Future-proof your skills with Linux, Python, vim & git as I share with you the most timeless and love-worthy tools in tech through my two great projects that work great together.

Getting My Local 24x7 Place to Run Code

I'm taking a big step towards becoming a data jockey who isn't dependent on vendors or disrupted by changes in the industry - setting up an LXD instance on my NAS. I'm already halfway to my goal, having developed the habit of writing a daily journal in vim. Click through to read more about my journey!

Taking the Next Step to Becoming a Data Jockey: Setting Up an LXD Instance on My NAS

By Michael Levin

Monday, October 24, 2022

Okay, I want to take a step forward today. I want it to be an important one. There’s a few before/after-splits on your journey and quest to be a vendor-independent disruption-resistant data jockeying professional. There will always be data. It will always need to be jockeyed. Those who can do it without a particular proprietary-product dependency are in a strong position. I begin one’s quest by getting them far enough along to do a daily journal in vim. Developing these habits are the natural daily behaviors that will also let you code casually. It matters not that the spoken language is used in the journal and programming languages are used elsewhere, but in both cases you can slam text around with vim. That daily journal in vim is half the story, and I’ve done that first half fairly well. The second half is what I’m preparing to tackle.

We should all be able to run some code somewhere locally.

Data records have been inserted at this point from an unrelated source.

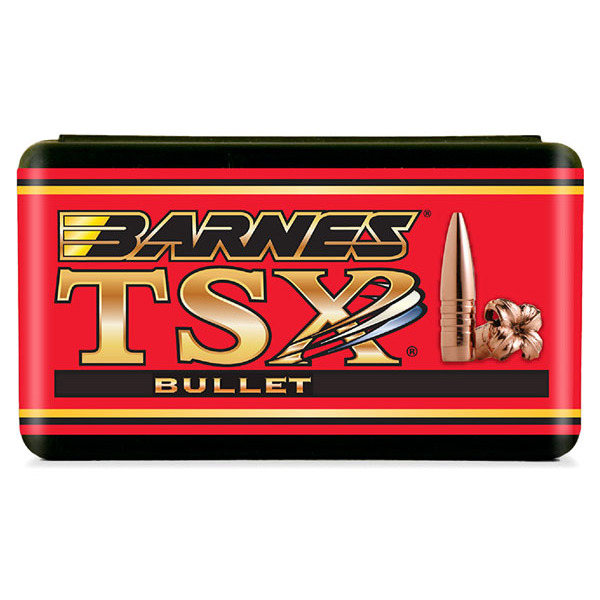 Barnes - Bullet - 35 Cal. (.358) 180 gr. TSX Flat-Base 50/Box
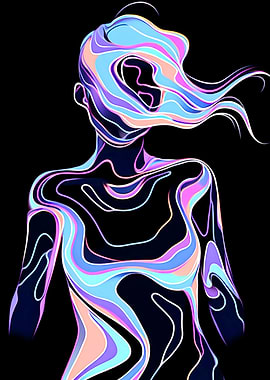 Woman Abstract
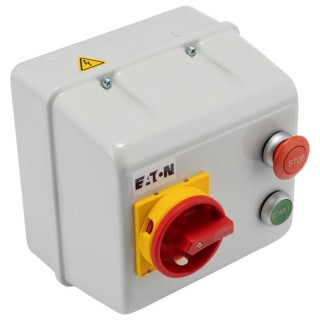 Eaton DOL Starter 5.5 kW 3 Phase Surface Mount IP55 Enclosure Model 118529 XDP5,5/ST(400V50HZ,440V60HZ)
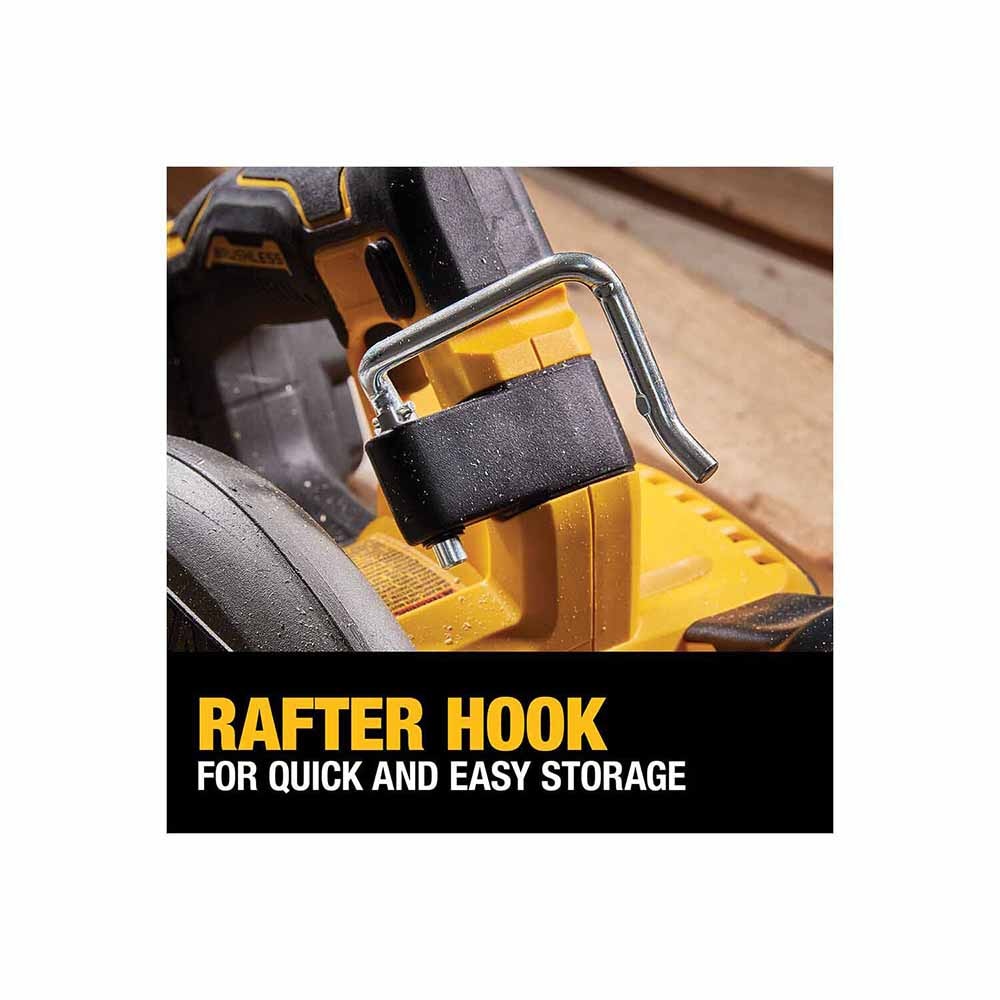 DeWalt DCS573B 20V MAX FLEXVOLT 7-1/4" Circular Saw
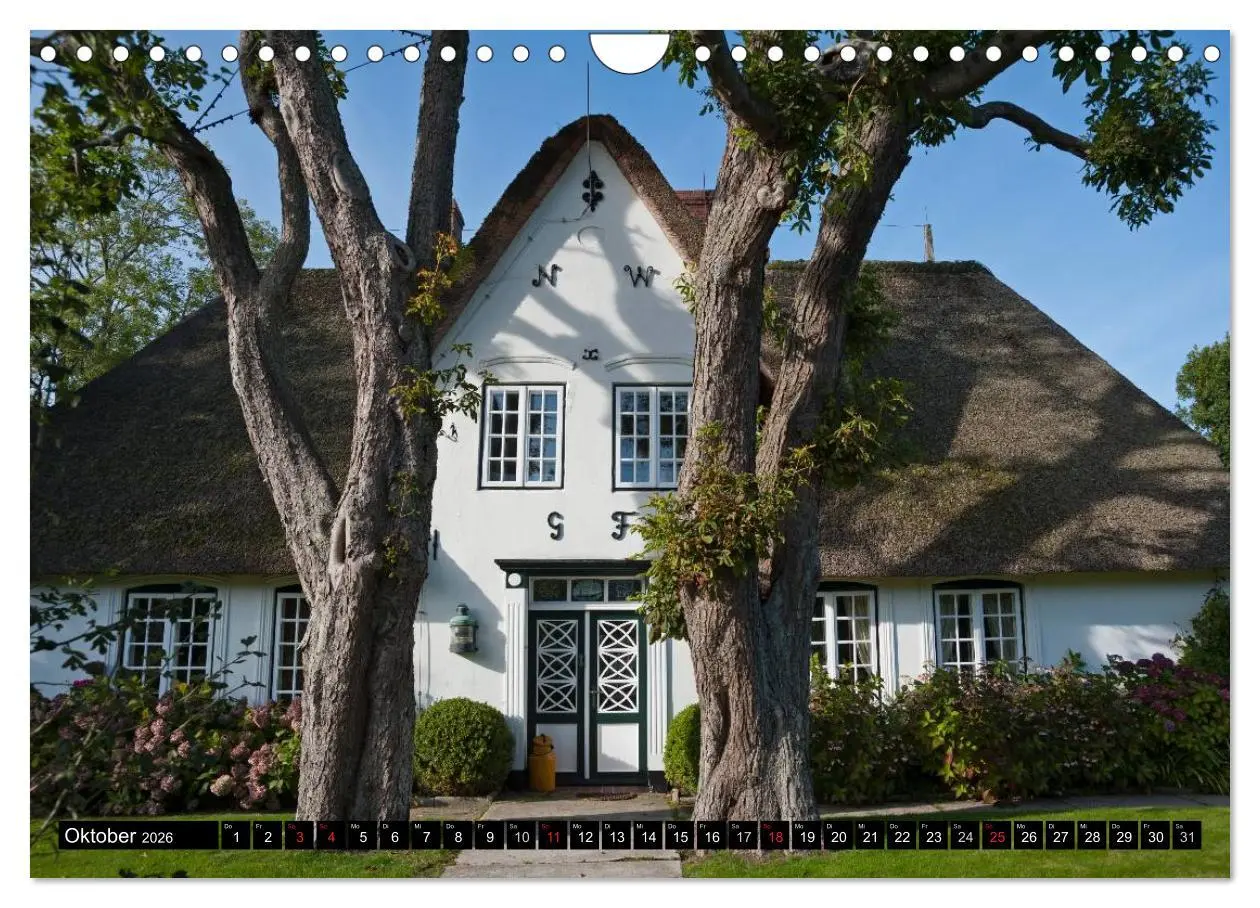 Bild: 9783516103250 | Sylt in Bildern (Wandkalender 2026 DIN A4 quer), CALVENDO...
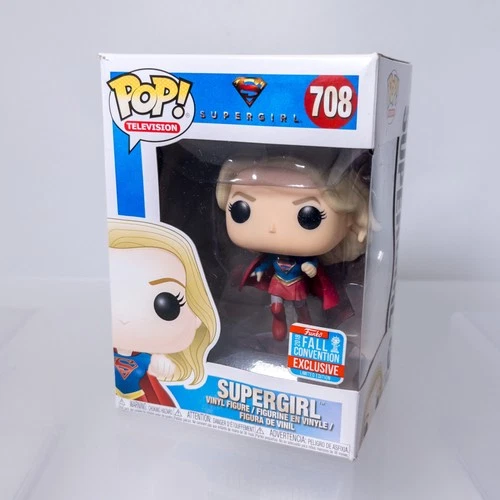 Funko POP! Television Supergirl Vinyl Figure - SUPERGIRL #708 *Exclusive* *NM*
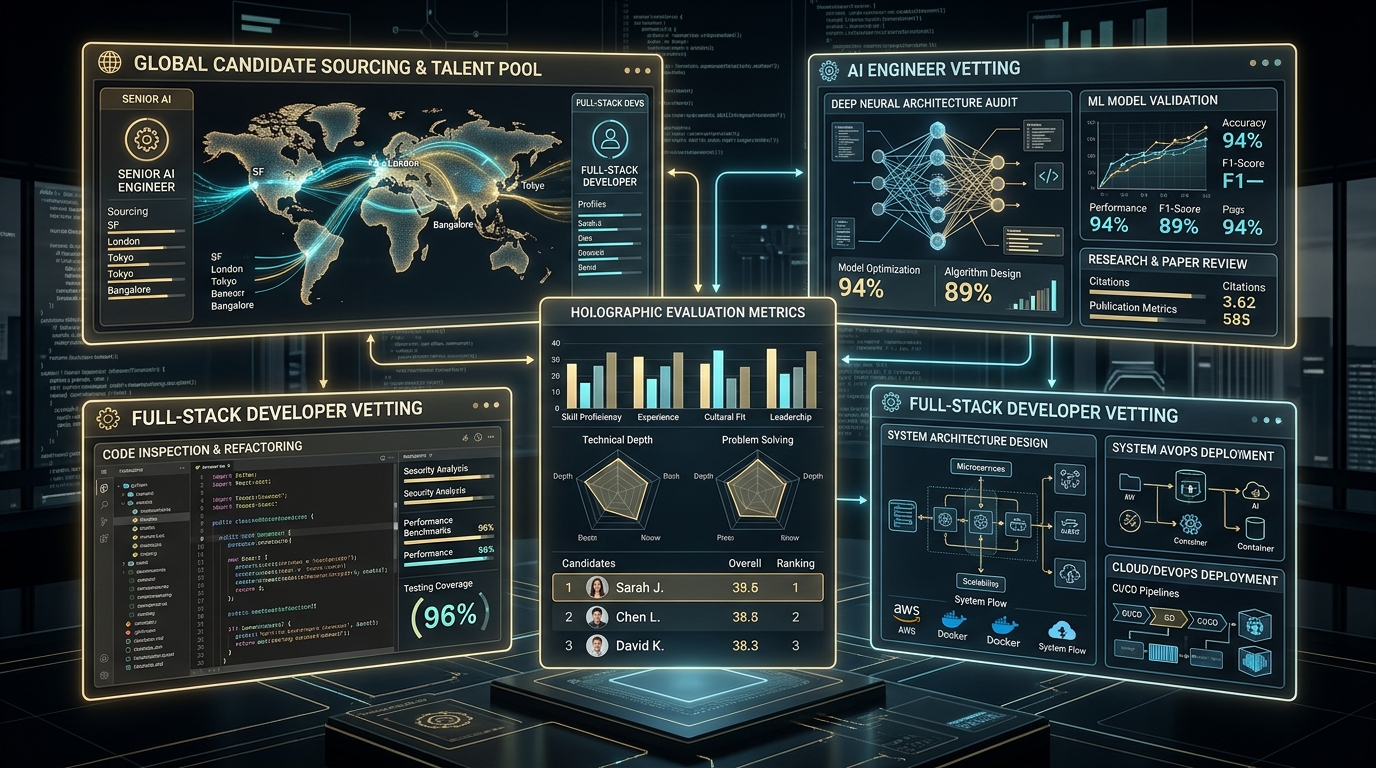 Hiring and Vetting Freelance AI Engineers and Full Stack Developers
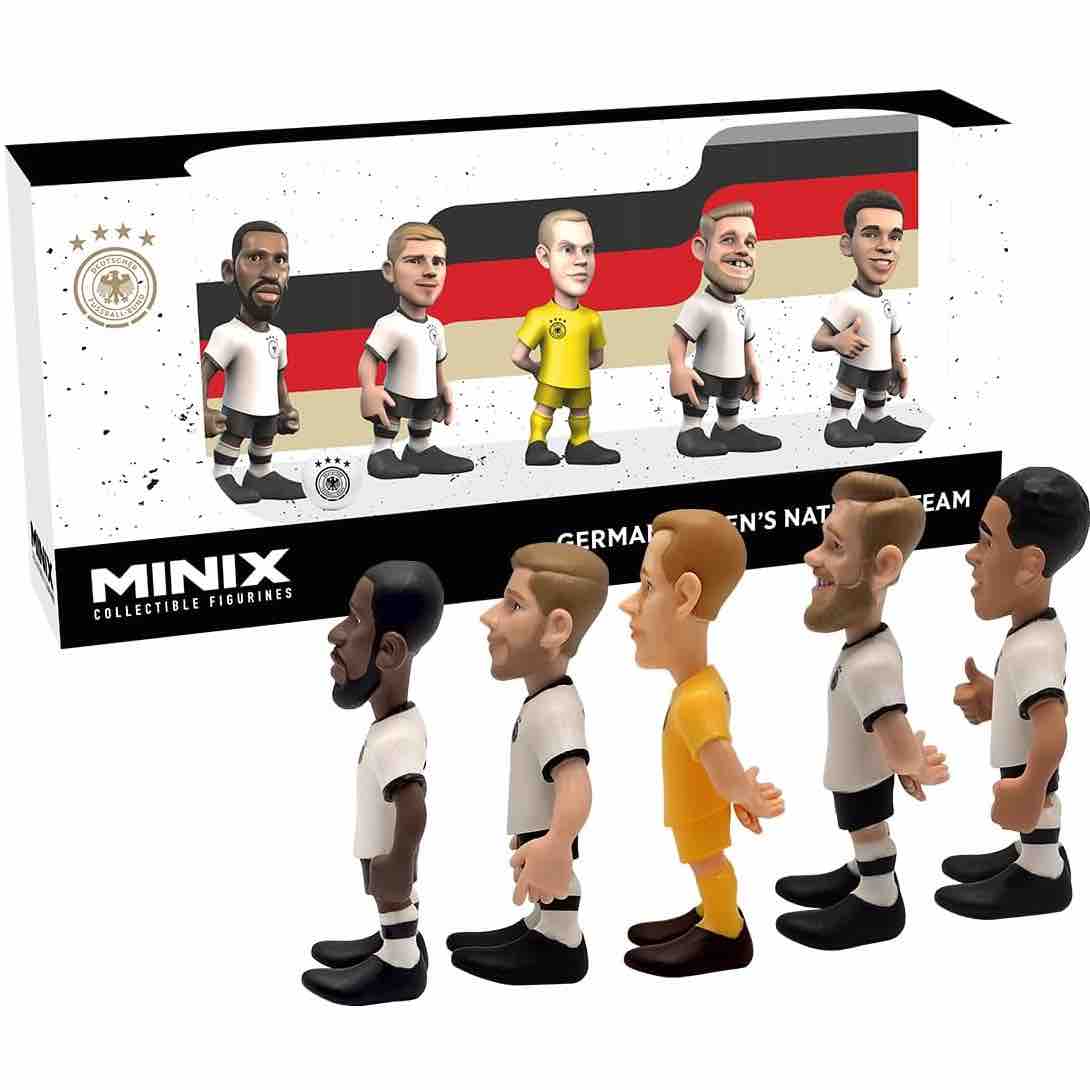 Minix Germany National Team 7CM 5-Pack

It’s becoming a strange thing in the age of the cloud. Other peoples computers is a good place to do computing because you don’t have to tend to all that tedious hardware stuff, and that’s a pretty illusion. Even Github is getting in on the action with embedded little blocks of VSCode-like editors. Of course part of the illusion is that you still need pretty powerful local hardware like a laptop. And that means you have local resources that will run faster and be more responsive and private because its local. So I’m going to set up the LXD instance on my NAS. This will save me from having to deploy things to the cloud to test them, especially since the things I’m developing are more schedule-based than web-based.